=== Exercise data ===
________________________
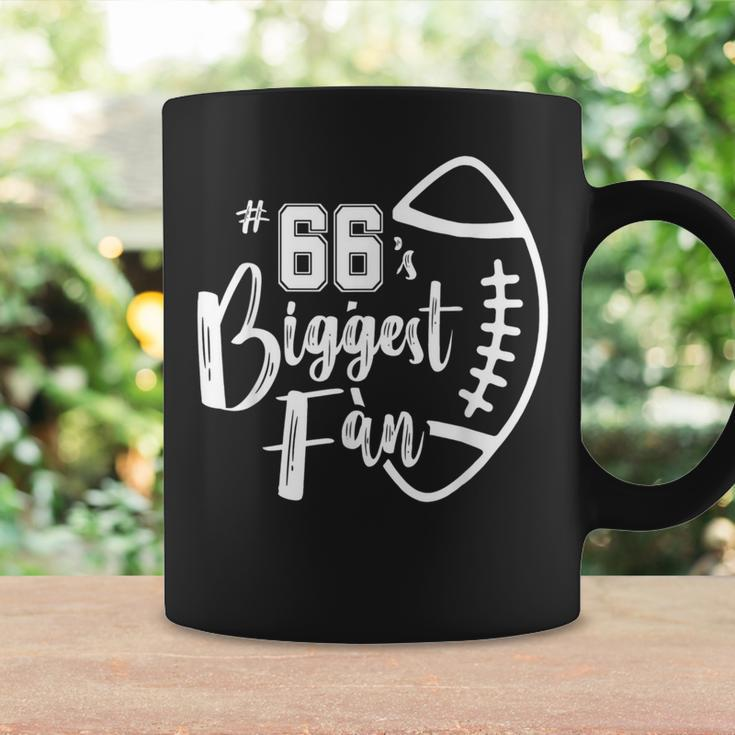 66'S Biggest Fan Football Mom Dad Brother Sister Coffee Mug Gifts ideas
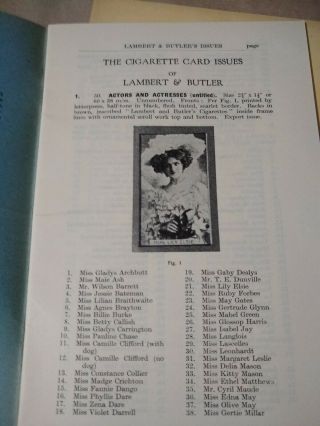 2 RARE 1948 Cartophilic CARD Ref.  Books No 9 11 lambert butler W.  D.  & H.  O.  WILLS 4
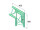 ALUTRUSS DECOLOCK DQ3-PAC24 2-way Corner 90°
________________________
=== What is expected ===
Output the data above exactly, excluding images.

=== Response for this exercise ===
 66'S Biggest Fan Football Mom Dad Brother Sister Coffee Mug Gifts ideas
 2 RARE 1948 Cartophilic CARD Ref.  Books No 9 11 lambert butler W.  D.  & H.  O.  WILLS 4
 ALUTRUSS DECOLOCK DQ3-PAC24 2-way Corner 90°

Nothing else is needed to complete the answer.